The case against Tracey Kay McKee, 64, is one in every of only a handful of voter fraud circumstances from Arizona’s 2020 election that have led to expenses, regardless of widespread perception amongst many supporters of former President Donald Trump that there was widespread voter fraud that led to his loss in Arizona and other battleground states.
McKee, who was from Phoenix suburb of Scottsdale however now lives in California, sobbed as she apologized to Maricopa County Superior Court docket Choose Margaret LaBianca before the decide handed down her sentence. McKee said that she was grieving over the lack of her mom and had no intent to impact the end result of the election.
“Your Honor, I wish to apologize,” McKee advised LaBianca. “I don’t wish to make the excuse for my behavior. What I did was wrong and I’m ready to just accept the results handed down by the courtroom.”
Both McKee and her mom, Mary Arendt, have been registered Republicans, though she was not requested if she voted for Trump. Arendt died on Oct. 5, 2020, two days earlier than early ballots had been mailed to voters.
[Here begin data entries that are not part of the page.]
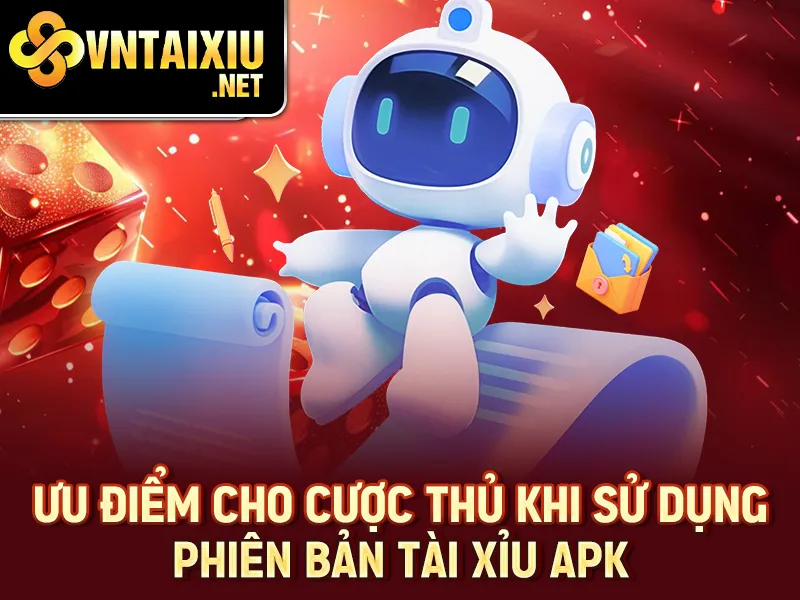 Ưu điểm cho cược thủ khi sử dụng phiên bản tài xỉu apk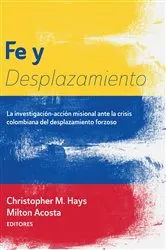 Book cover of Fe y Desplazamiento by Christopher M. Hays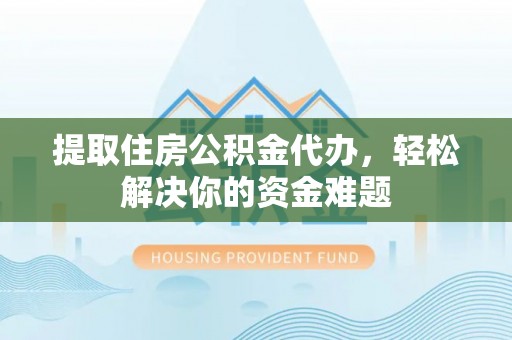 内丘提取住房公积金代办，轻松解决你的资金难题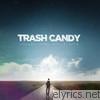 Trash Candy - Running from Something, Searching for Anything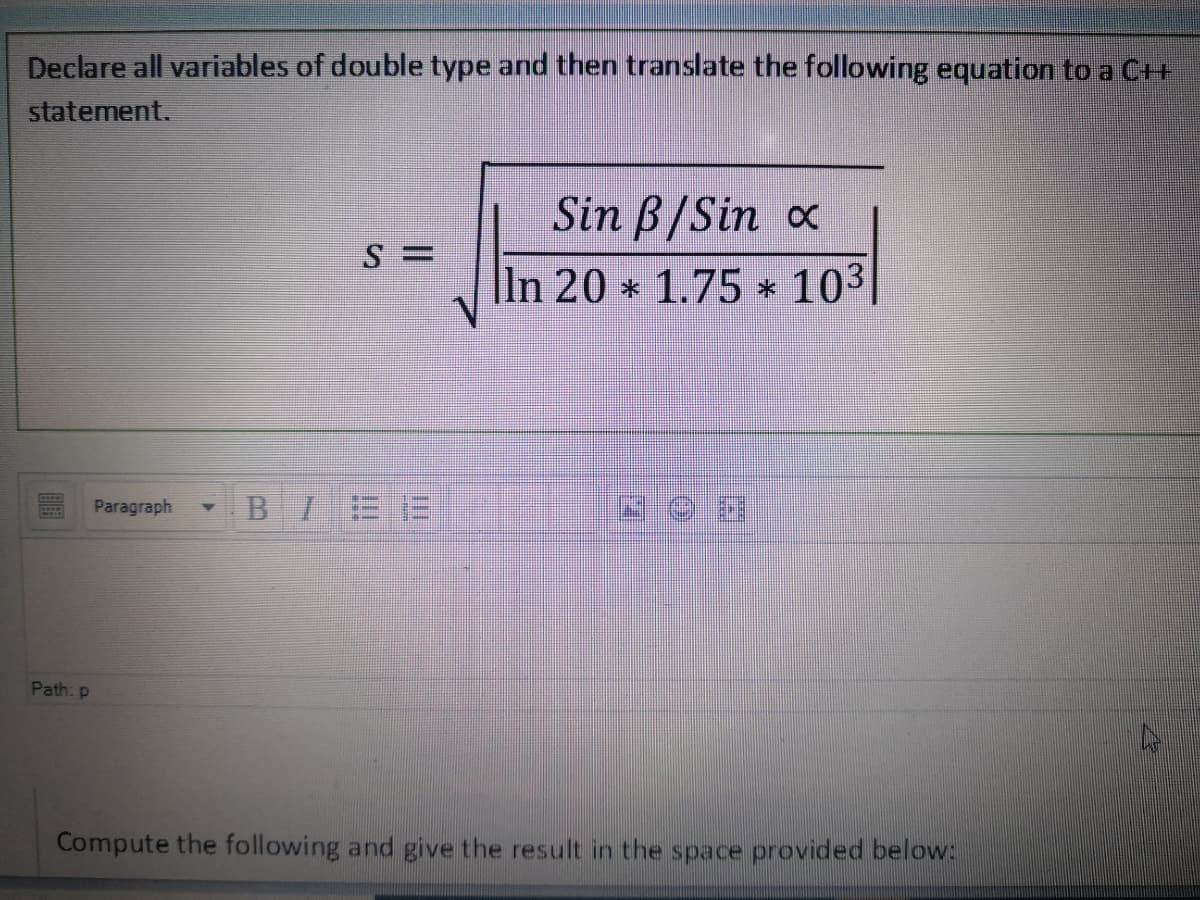 Declare all variables of double type and then translate the following equation to a C++
statement.
Sin B/Sin x
|ln 20 * 1.75 * 103
Paragraph
BIEE
Path: p
Compute the following and give the result in the space provided below:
Assistant Attorney Normal Todd Lawson performed a tape of McKee being interviewed by an investigator along with his office the place she stated there was rampant voter fraud and denied that she had signed and returned her mother’s poll.
“The only way to stop voter fraud is to physically go in and punch a ballot,” McKee instructed the investigator. “I mean, voter fraud is going to be prevalent so long as there’s mail-in voting, for positive. I imply, there’s no manner to ensure a fair election.
“And I don’t imagine that this was a good election,” she continued. “I do believe there was quite a lot of voter fraud.”
Tom Henze, McKee’s attorney, pointed to dozens of circumstances of voter fraud prosecuted in Arizona over the previous decade, many for similar violations of voting another person’s ballot, and said nobody received jail time in those cases. He stated agreeing with Lawson that McKee ought to do 30 days jail time would increase constitutional problems with equity.
“Merely stated, over a long time period, in voluminous circumstances, 67 instances, no one in this state for related circumstances, in similar context ... no one received jail time,” Henze stated. “The court didn’t impose jail time at all.”
But Lawson stated jail time was necessary as a result of the type of case has modified. While in years past, most instances involved folks voting in two states as a result of they either lived in or had property in each states, within the 2020 election folks had bought into Trump’s claims of widespread voter fraud.
“What we’re listening to is voter fraud is on the market,” Lawson advised the judge. “And basically what we’re seeing here is somebody who says ‘Effectively, I’m going to commit voter fraud because it’s a big drawback and I’m just going to slip in underneath the radar. And I’m going to do it as a result of everybody else is doing it and I can get away with it.’
“I don’t subscribe to that at all,” he said. “And I think the attitude you hear in the interview is the attitude that differentiates this case from the opposite circumstances.”
LaBianca mentioned that while she agreed with Lawson, ordering jail time would give McKee what she informed the investigator what she needed: going after individuals who dedicated voter fraud.
“And if there have been proof that this crime was on the rise, and that heightened deterrence may be referred to as for, the courtroom may order jail time,” LaBianca stated. “However the report here does not show that this crime is on the rise.
“And abhorrent as it might be for someone just like the defendant to assault the legitimacy of our free elections without any evidence, except your personal fraud, such statements are usually not illegal as far as I know,” the choose continued.